El camino de la libertad implica un compromiso en el ámbito de las cuestiones sociales y económicas que no puede verse reducido a un parcheo o a una operación de maquillaje que esconda las más flagrantes injusticias. Las esperanzas del tercer mundo están puestas en esa tarea, pero también la de los sectores marginados y más desfavorecidos del poderoso mundo occidental.
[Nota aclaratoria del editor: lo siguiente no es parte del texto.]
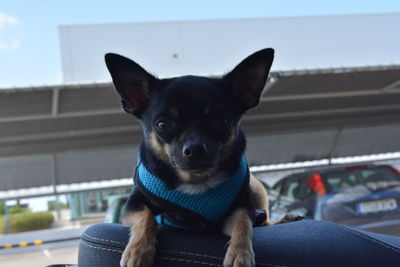 Close-up portrait of dog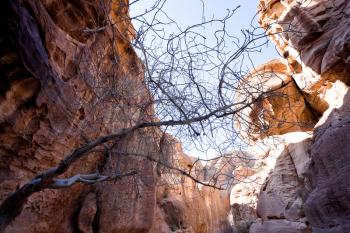 sand rock cliffs above gorge Siq in Petra, Jordan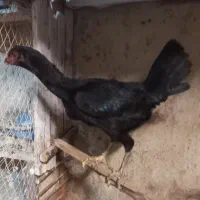 مرغ لاری افغان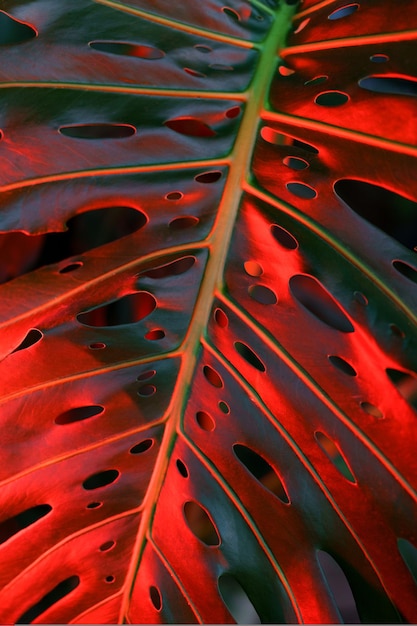 Foglia di monstera filodendro verde tropicale di piante esotiche in toni scuri e luce al neon rossa brillante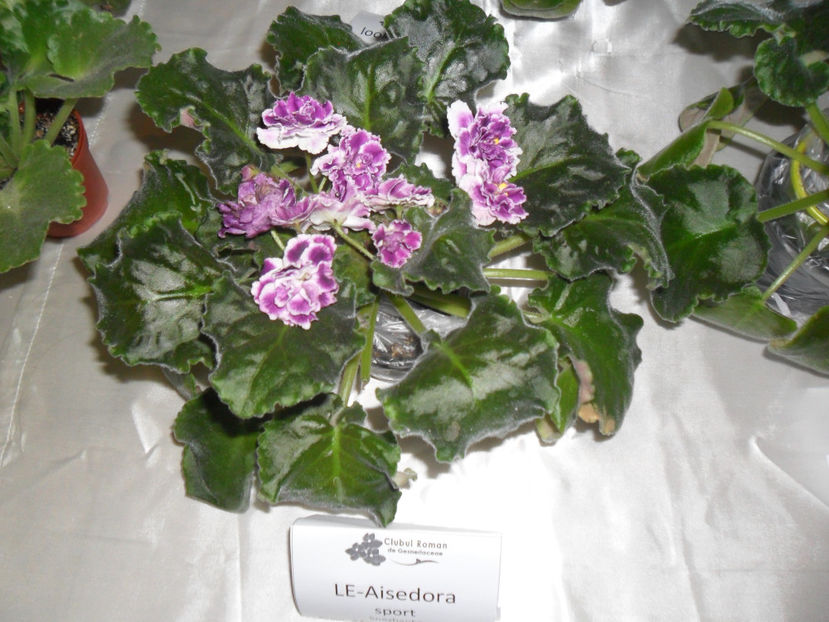 SAM_5099 - Expozitia de violete noiembrie 2017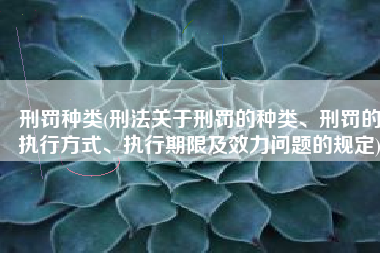 刑罚种类(刑法关于刑罚的种类、刑罚的执行方式、执行期限及效力问题的规定)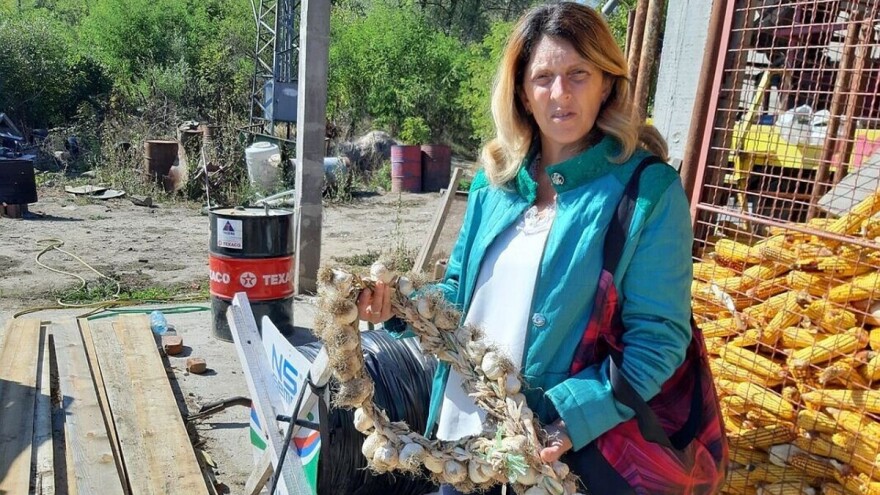 Na koji način povećati proizvodnju bijelog luka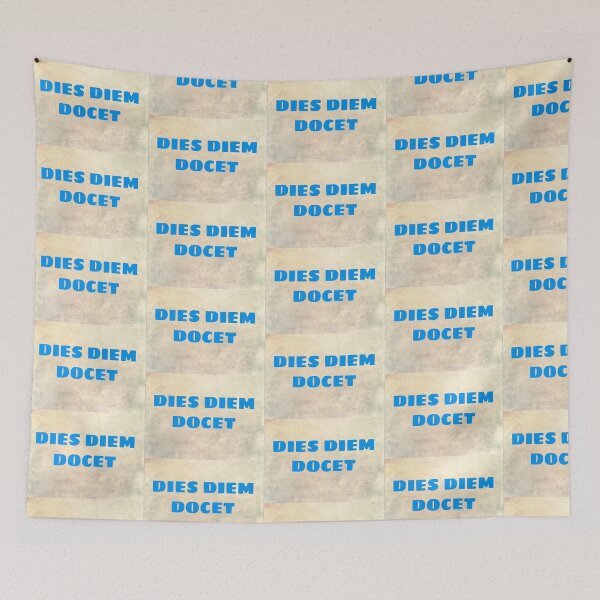 Item preview, One day teaches the other, this diem docet, Latin quotation designed and sold by Pelikancrazy.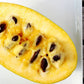 Bilde av Asimina triloba 'Maria's Joy'-Spanne Plantesalg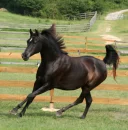 warmblood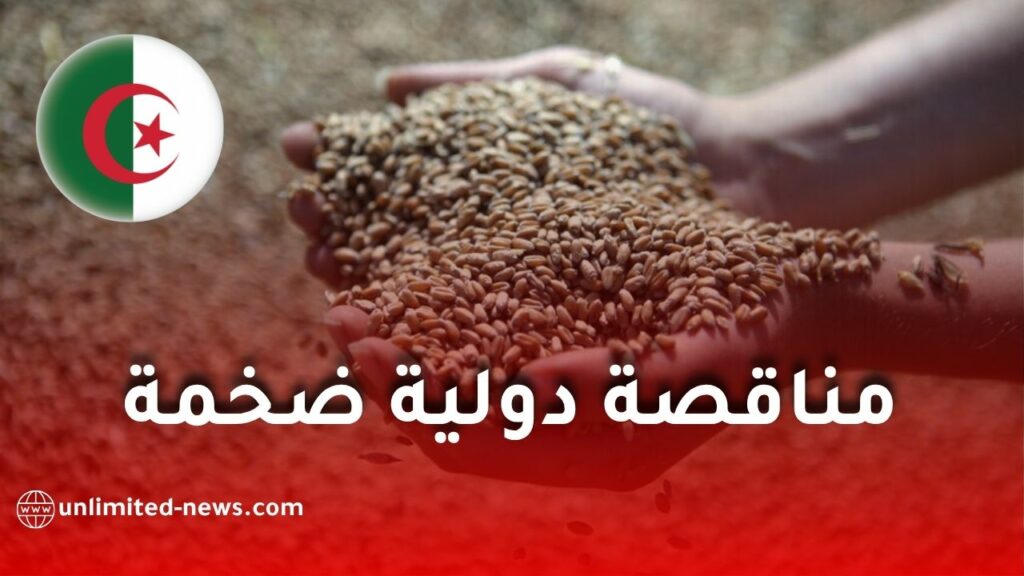 الجزائر تعزز مخزونها من القمح الصلد عبر مناقصة دولية ضخمة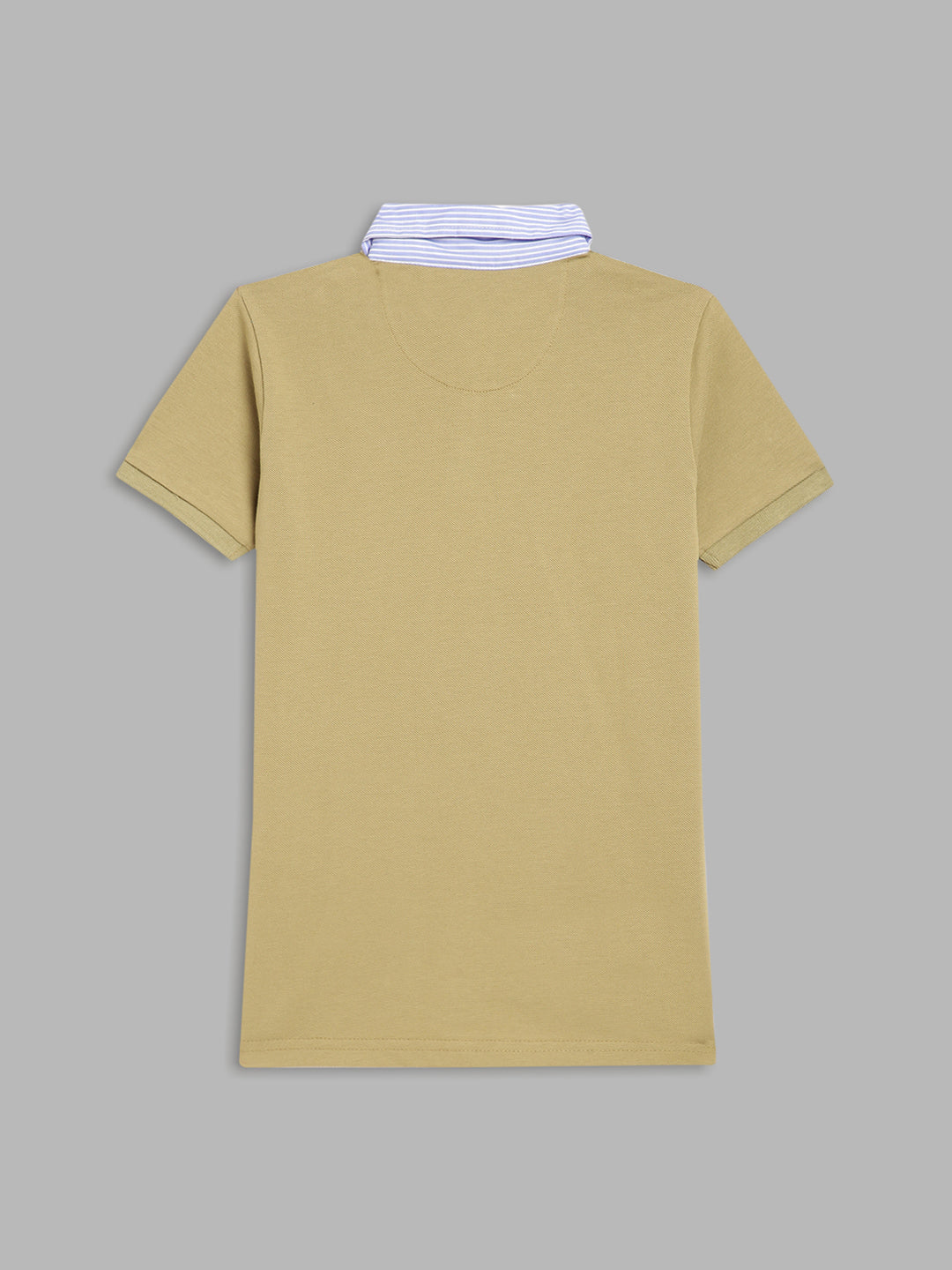 Blue Giraffe Boys Olive Solid Polo TShirt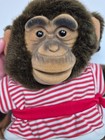 Vintage Child s Play Life-like Chimpanzee Monkey Puppet Pirate Costume Rare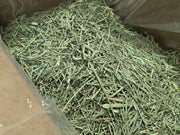 Rabbit Hole Orchard Grass COARSE | Close up of grass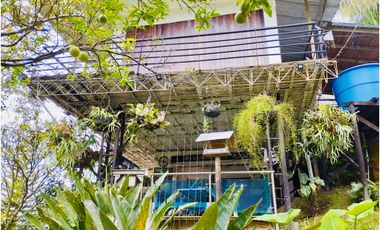 FINCA EN  VENTA EN ANGELÓPOLIS VEREDA LA CLARA EN ANTIOQUIA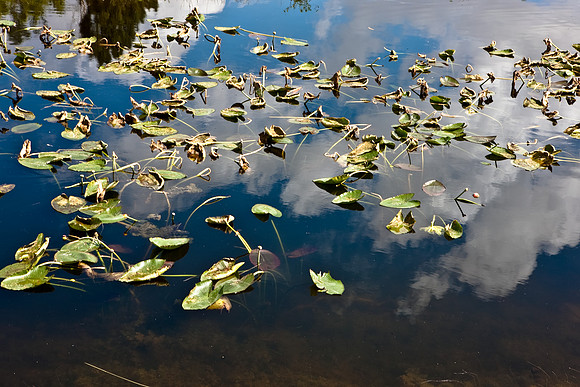 2528_EVERGLADES_MIAMI_FLORIDA_200903016_5L8Y2685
La llamada de la libertad trasciende esas operaciones superficiales. Hoy se trata más bien de liberar la libertad, de darle a la libertad su plenitud, de devolverle el contenido que ha venido perdiendo o que le fue arrebatado: profundizar y extender los derechos humanos. Está claro que no se trata de aumentar el catálogo, o de “enriquecer” la oferta de derechos humanos, como el consumismo a veces parece exigir pretendiendo llegar más allá de lo que la condición humana permite.
Profundizar y extender los derechos humanos significa que ese camino de liberación democrática culmine en la libertad de conciencia de cada persona, base y fundamento del valor del hombre, desde la que la libertad conseguirá su plena significación y la vida pública se verá fecundada por las aportaciones libres, genuinas y creativas de los ciudadanos. Sin auténtica libertad personal no hay participación, sino sometimiento; sin participación no hay auténtica democracia, sino meras formalidades sin significado. Hoy, en un mundo de dominio del formalismo y de ausencia de convicciones firmes, no está de más, de vez en cuando, pensar en estas cosas porque con frecuencia abdicamos de nuestra responsabilidad en la creencia de que otros se ocuparan de los asuntos generales. Y vaya si se los ocupan, hasta intentar a toda costa perpetuarse en ellos.